Review by ElderGamer

"Strategy or Random Click-Fest?"

Startopia combines elements of the ''Theme'' series of games (Theme Hospital, Theme Park, etc) and places them within an orbiting space station.

For a strategy game to work, each piece or item you must manipulate must have clearly defined values (that are visible to the player). You must know how this piece interacts with this piece, in order to develop an effective strategy.

Otherwise, you're just randomly clicking; laying this building down next to another building, hoping it all works.

Startopia suffers from this problem. The manual is skimpy, giving you no idea if or why you should place an ultra-holographic lamp (or whatever) in a room, along with a great number of assorted techno-drivel related objects.

The tutorial only covers the bare minium, giving you no reason, no plan, no strategy for how to set up your buildings for maximum effiency. See Theme Hospital for an excellent way to develop this.

In order to manuver about such a large space station, you'd hope the designers installed an effective camera system for you to view your inhabitants. They didn't. You control the camera with the mouse, moving horizontially or vertically along a fixed plane. To rotate the plane, hold down the Ctrl key, and watch as the camera spins wildly out of control.

Combine this with the inability to adjust the game's playing speed or to issue orders while paused, and you've got yourself a heady exercise in frustration.

Whereas other games provide you with too much information, startopia gives out far too little.
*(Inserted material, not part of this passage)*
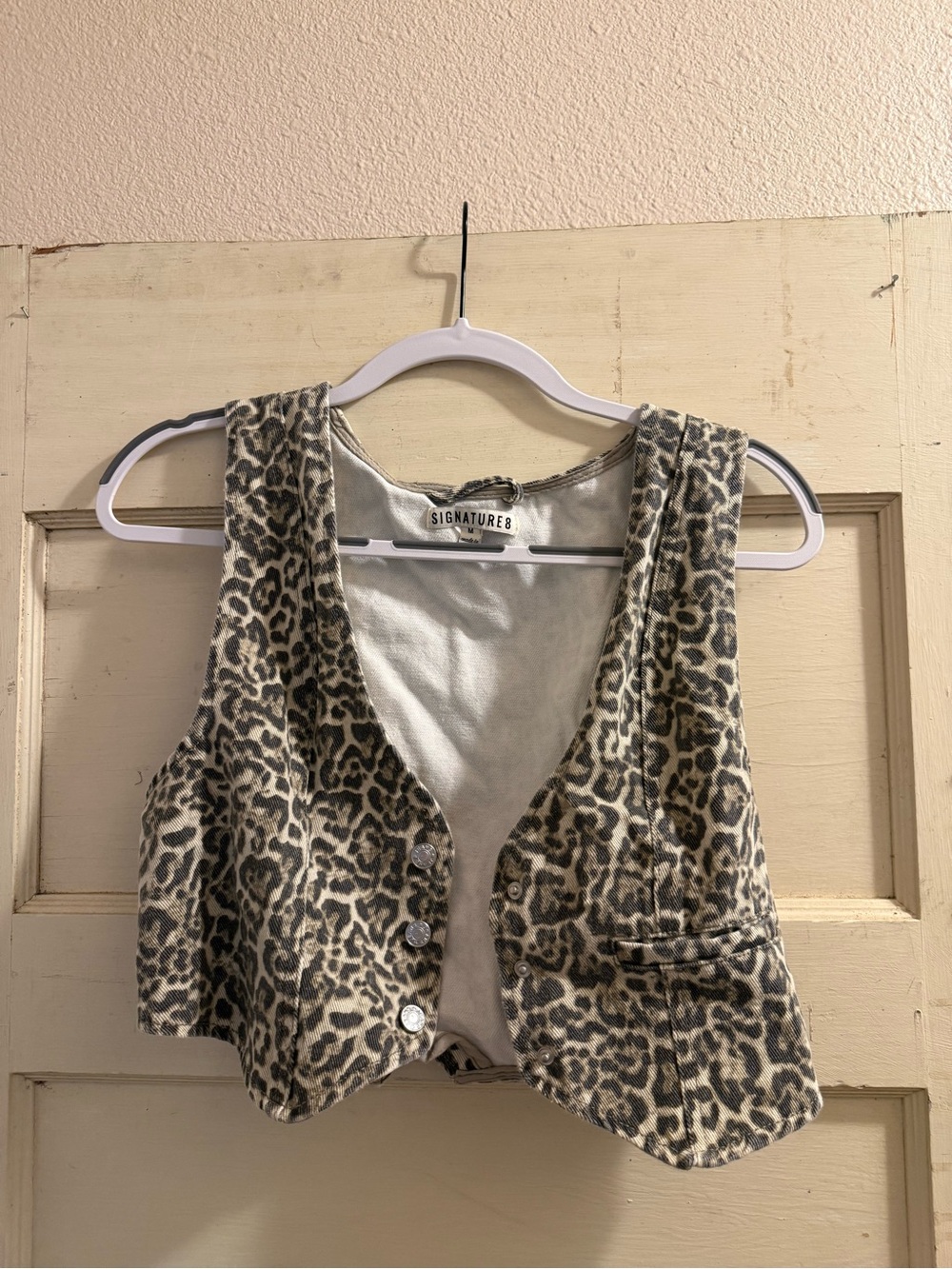 Signature 8 Leopard Print Denim Vest – Size Medium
The overview interface, takes up one-fourth of you're main window and is only a few small pie and bar graphs.

The station is often too overly populated to really be able to track your customers and manage their satisfaction, you have little to no clue or control as to what each 'warning' message pertains too.
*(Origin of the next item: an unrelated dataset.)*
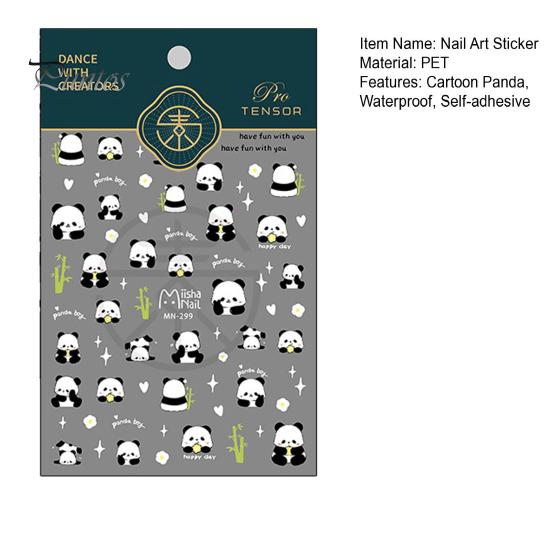 Cartoon Panda Nail Art Sticker 5D Bamboo Letter Waterproof PET Self-adhesive Women Girls Fake Nail Decoration Decal Party Supplies Gift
''Sorry, the health inspector has issued you a warning'' (for what?) ''The 'x' building is out of power'' (But there's no option to purchase more power collectors) ''You're out of this type of supplies'' (You can only acquire more suppliers during the random appearances of the merchant traders, who only carry random items)
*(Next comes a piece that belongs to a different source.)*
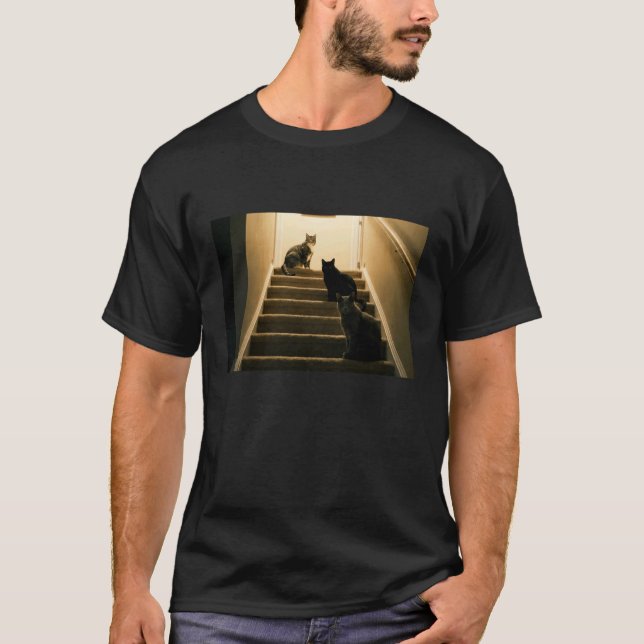Funny Cat Stairs Scene Long Sleeve T-Shirt (Front)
Tack one a frustrating combat system (why combat in a building/design style game?) in addition to a poorly thought out bio-deck system that is only used in the arbitary trading system, and you've got yourself a mess.

Pick this up if you enjoy any sort of building/strategy games where you're not informed of the rules, all your pieces seem interchangable, and you can win more through luck and random clicking than any thought-out process.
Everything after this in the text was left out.